### Task details
Look below for the lines from the one with "Car Boot Organizer" to the one with "Pemberly Row Polypropylene", and copy exactly those lines, both ends included.

(Available records)

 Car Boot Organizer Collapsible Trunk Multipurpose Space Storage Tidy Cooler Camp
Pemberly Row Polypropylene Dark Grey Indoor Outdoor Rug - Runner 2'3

(End Available records)
(Available records)

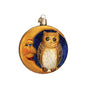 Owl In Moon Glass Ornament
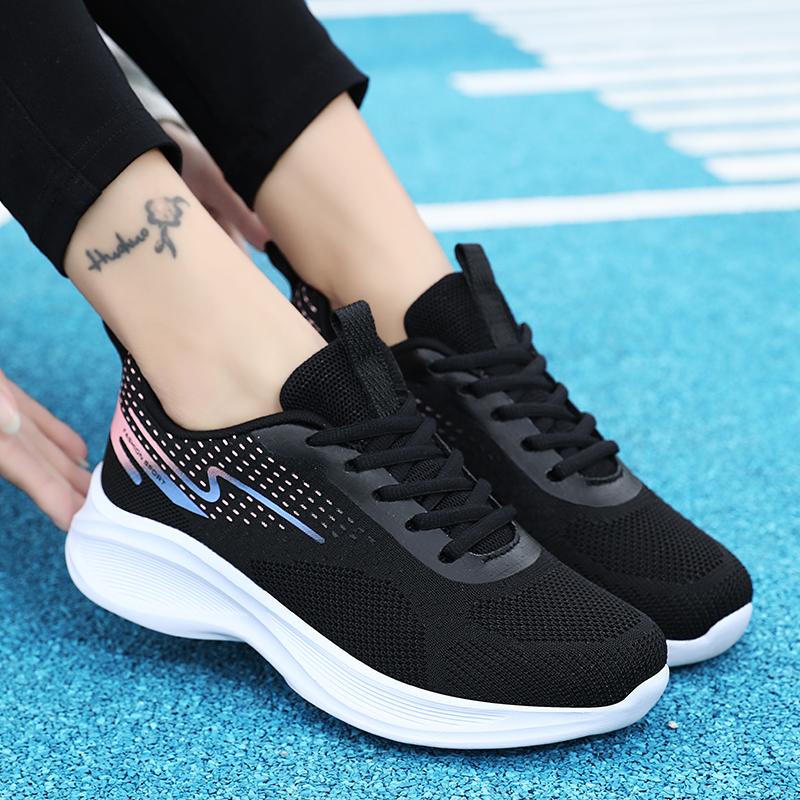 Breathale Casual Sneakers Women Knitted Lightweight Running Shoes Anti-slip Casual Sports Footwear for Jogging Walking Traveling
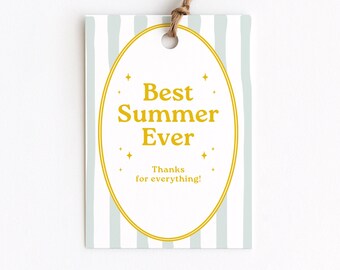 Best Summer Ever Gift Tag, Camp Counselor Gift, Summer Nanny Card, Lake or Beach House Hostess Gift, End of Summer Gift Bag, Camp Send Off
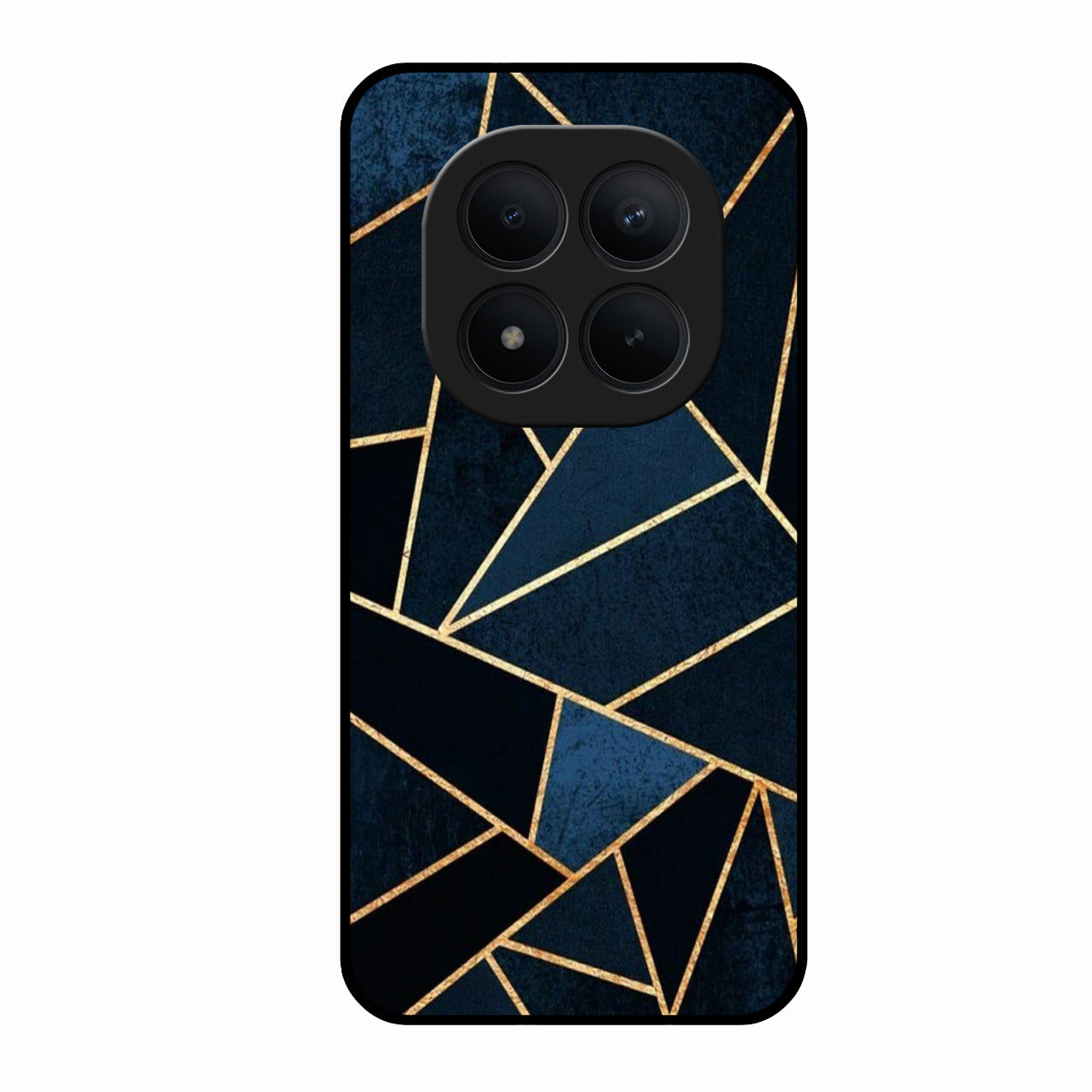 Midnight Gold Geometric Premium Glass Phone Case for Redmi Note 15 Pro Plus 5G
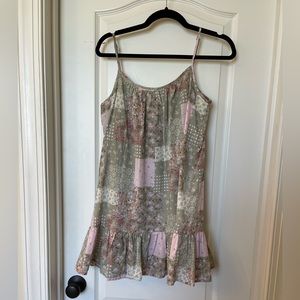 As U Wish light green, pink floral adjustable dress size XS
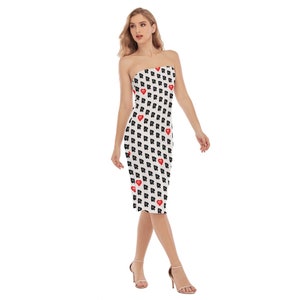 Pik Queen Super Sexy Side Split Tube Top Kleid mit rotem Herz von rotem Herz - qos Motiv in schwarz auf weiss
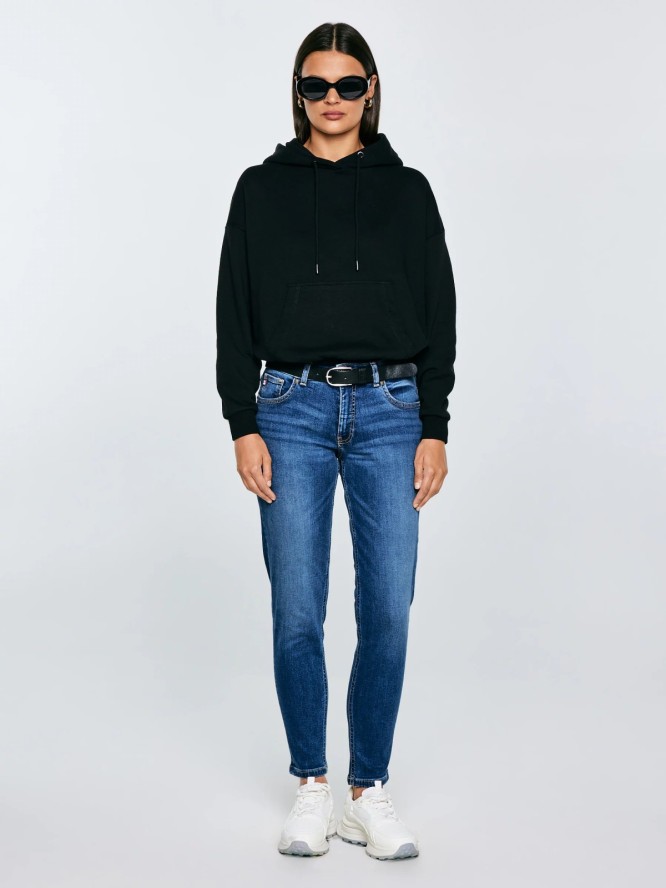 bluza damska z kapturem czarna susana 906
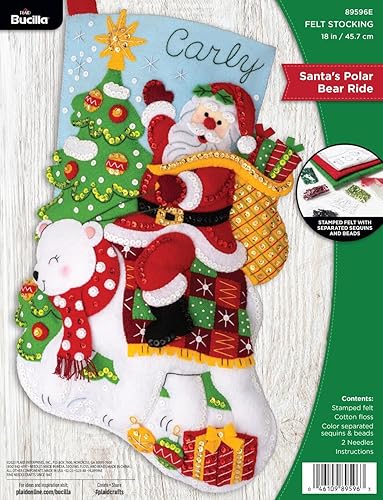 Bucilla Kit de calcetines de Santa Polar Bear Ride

(End Available records)
(Available records)

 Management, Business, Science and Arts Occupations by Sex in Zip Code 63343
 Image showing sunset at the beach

(End Available records)

### Expected answer
 Car Boot Organizer Collapsible Trunk Multipurpose Space Storage Tidy Cooler Camp
Pemberly Row Polypropylene Dark Grey Indoor Outdoor Rug - Runner 2'3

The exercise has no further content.